I should also get an extra #10 blade for FFT. What about body trims? Should I use a different blade for that or just the #10 with a comb? The Wahl metal combs were suggested, so I'm assuming the blades and combs are interchangable between different brands?


----------



## tortoise (Feb 5, 2012)

I have never had luck with combs. I've tried dozens of dogs, different coat types, never good results.

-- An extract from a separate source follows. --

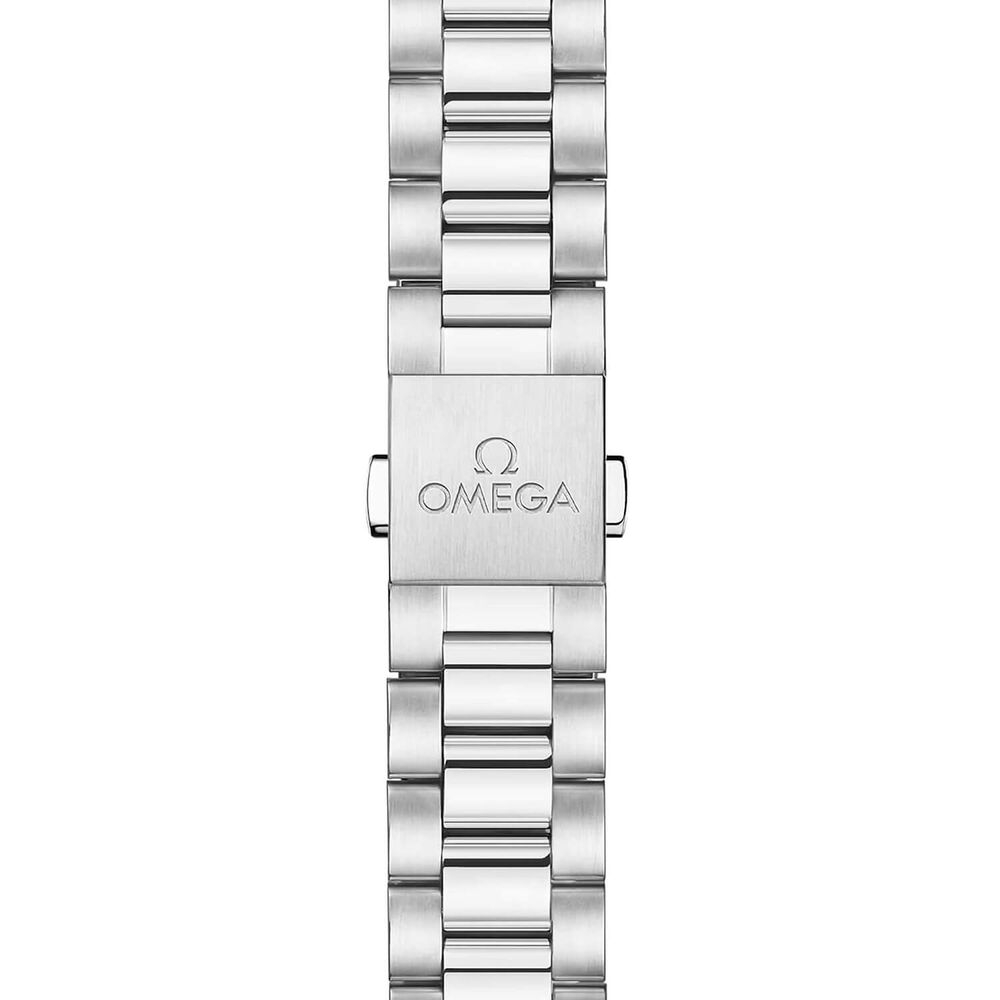 OMEGA Aqua Terra 150M 30mm Grey Dial Diamond Dots Steel Bracelet Watch image number 3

UltraEdge is not the clipper, it is the brand name for the blade. AG is the clipper. It comes as "+", the plus isn't the clipper it refers to getting the ultraedge #10 blade with the clipper. I think we are all recommending the same Andis clipper. "Andis AG+ 2-speed"

Does that make sense?

Blades and combs are interchangeable between brand names.


----------



## mom24doggies (Mar 28, 2011)

tortoise said:


> UltraEdge is not the clipper, it is the brand name for the blade. AG is the clipper. It comes as "+", the plus isn't the clipper it refers to getting the ultraedge #10 blade with the clipper. I think we are all recommending the same Andis clipper. "Andis AG+ 2-speed"
> 
> Does that make sense?
> 
> Blades and combs are interchangeable between brand names.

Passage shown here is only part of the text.